** Data in this exercise follows **

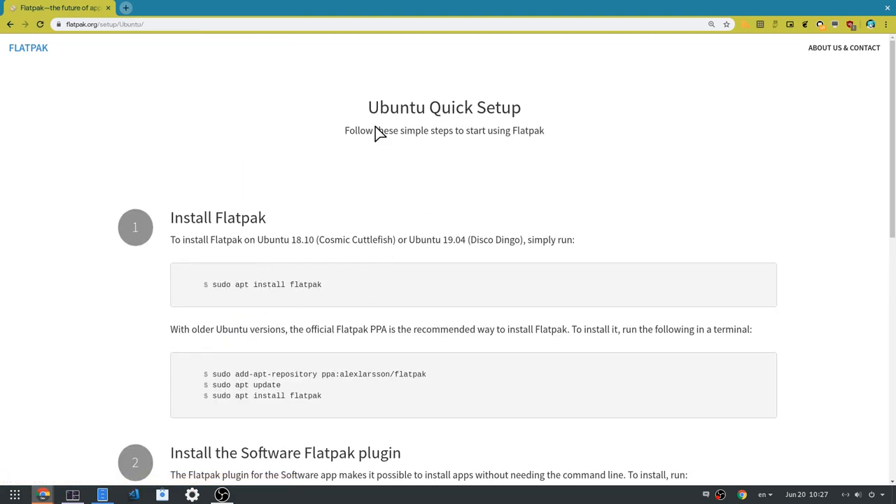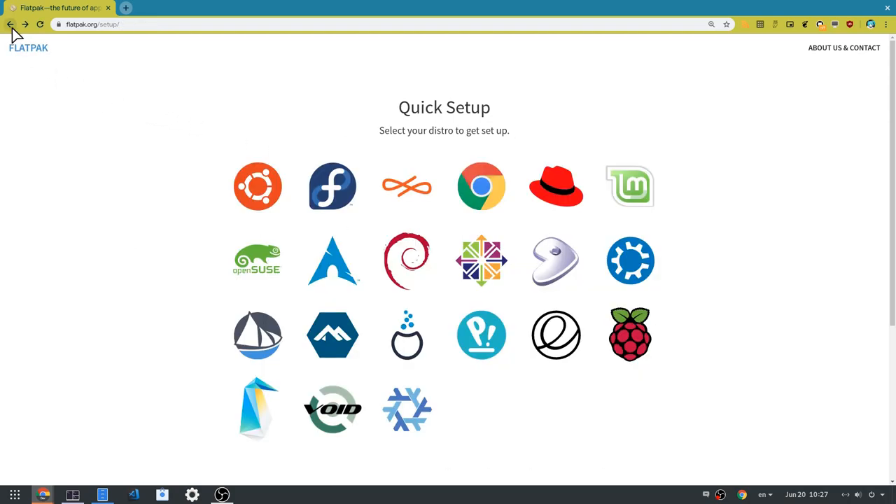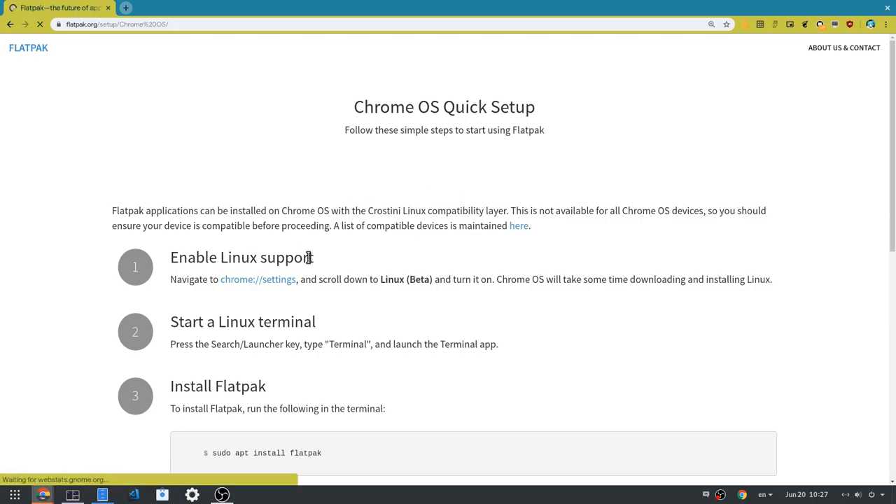Then, say 3x Feet Ubuntu. Then, go back. Then, click on the Chrome icon. Then, follow the instructions and install Flatpak apps on your Chromebook, and make a post.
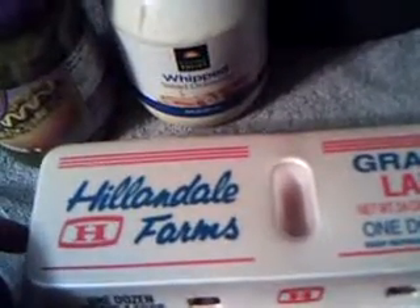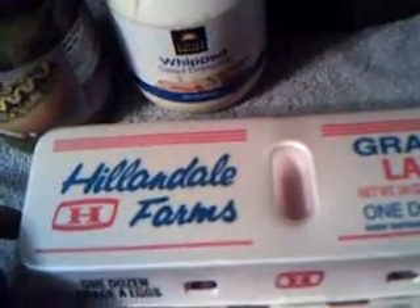I'm going to use a dozen of these Hillandale Farms Grade A large eggs I got from Sure Fine. These were $1.89 a dozen.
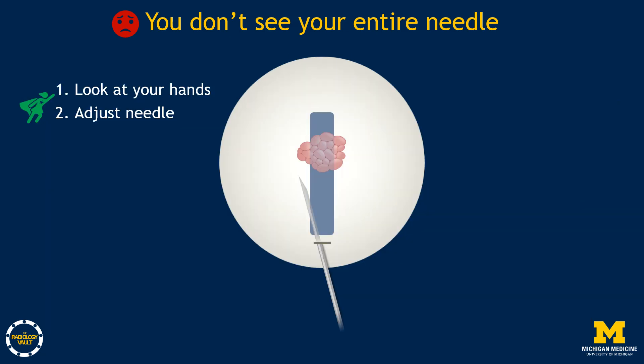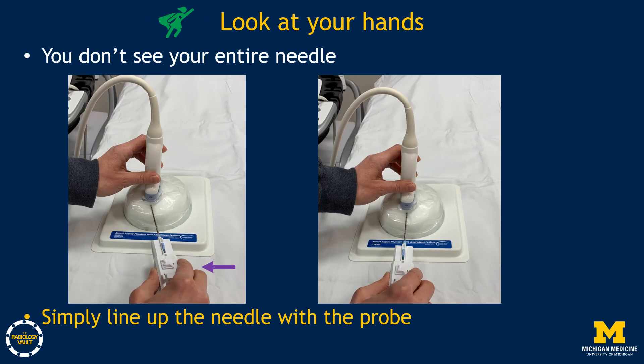So what can you do? Before taking any sample, look at your hands. If the needle isn't perfectly lined up beneath the transducer, simply adjust it. When you look at your hands, you'll see whether the needle is truly parallel with and directly below the center of the probe. Then just line up the needle with the transducer while keeping it below the probe's center.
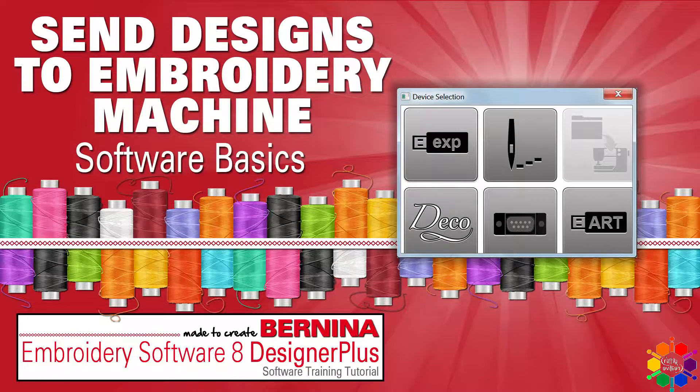And that's it from your Bernina Embroidery Software 8 Designer Plus. Thank you for watching my video.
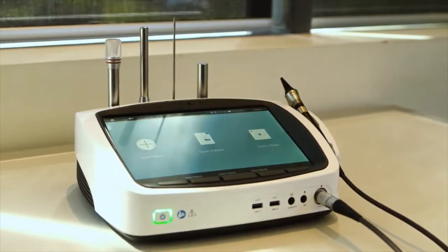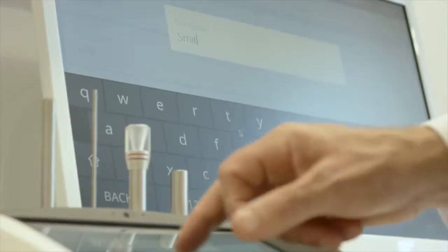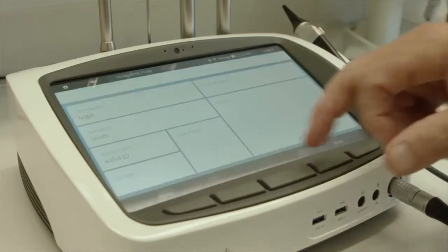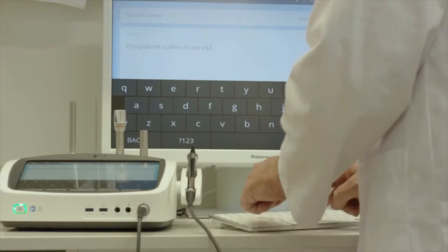Introducing the Pro-EX Telehealth Hub from VisionFlex. Simplify your patient examinations and streamline your workflow with the Pro-EX, the latest technology in high definition multifunctional medical imaging.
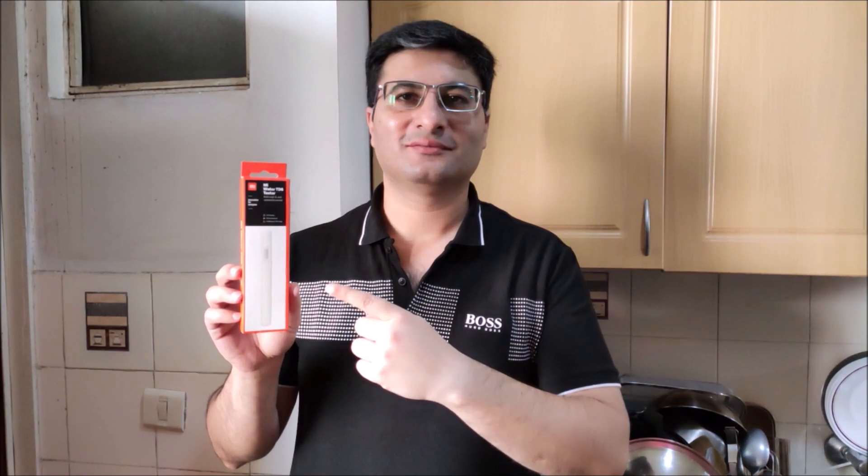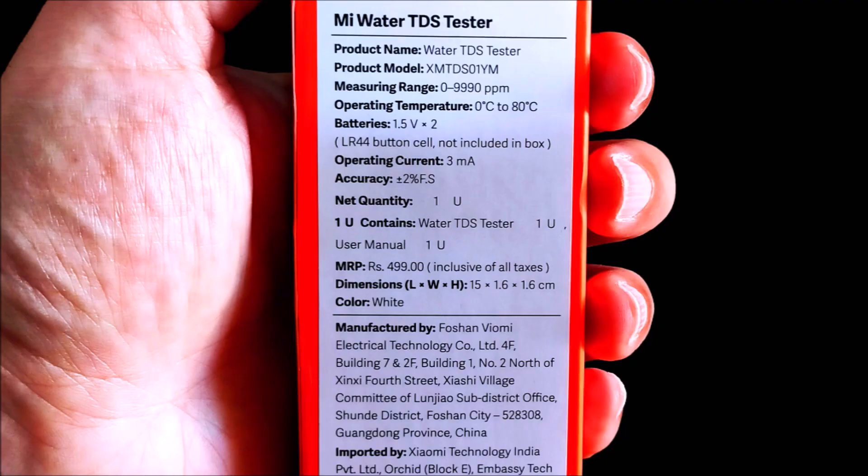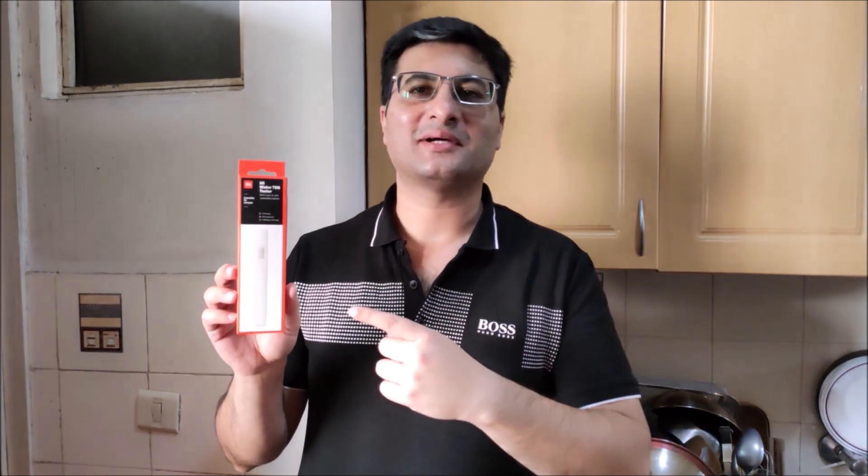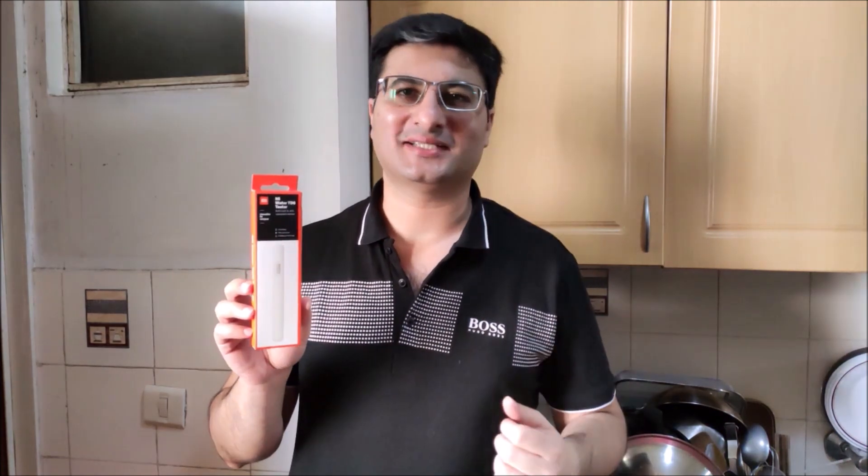The Mi Water TDS Tester is an extremely useful and practical product from Xiaomi. It can be life-saving in certain situations where the water can be checked for quality. The MRP on the box is Rs. 499, but it currently sells on the Xiaomi website for Rs. 349. If you wish to buy it, I will leave a direct link for you to purchase it from the Xiaomi website.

** End of Data in this exercise **

Would you write out each record above exactly, with no images?

**Result**
Then, say 3x Feet Ubuntu. Then, go back. Then, click on the Chrome icon. Then, follow the instructions and install Flatpak apps on your Chromebook, and make a post.
I'm going to use a dozen of these Hillandale Farms Grade A large eggs I got from Sure Fine. These were $1.89 a dozen.
So what can you do? Before taking any sample, look at your hands. If the needle isn't perfectly lined up beneath the transducer, simply adjust it. When you look at your hands, you'll see whether the needle is truly parallel with and directly below the center of the probe. Then just line up the needle with the transducer while keeping it below the probe's center.
And that's it from your Bernina Embroidery Software 8 Designer Plus. Thank you for watching my video.
Introducing the Pro-EX Telehealth Hub from VisionFlex. Simplify your patient examinations and streamline your workflow with the Pro-EX, the latest technology in high definition multifunctional medical imaging.
The Mi Water TDS Tester is an extremely useful and practical product from Xiaomi. It can be life-saving in certain situations where the water can be checked for quality. The MRP on the box is Rs. 499, but it currently sells on the Xiaomi website for Rs. 349. If you wish to buy it, I will leave a direct link for you to purchase it from the Xiaomi website.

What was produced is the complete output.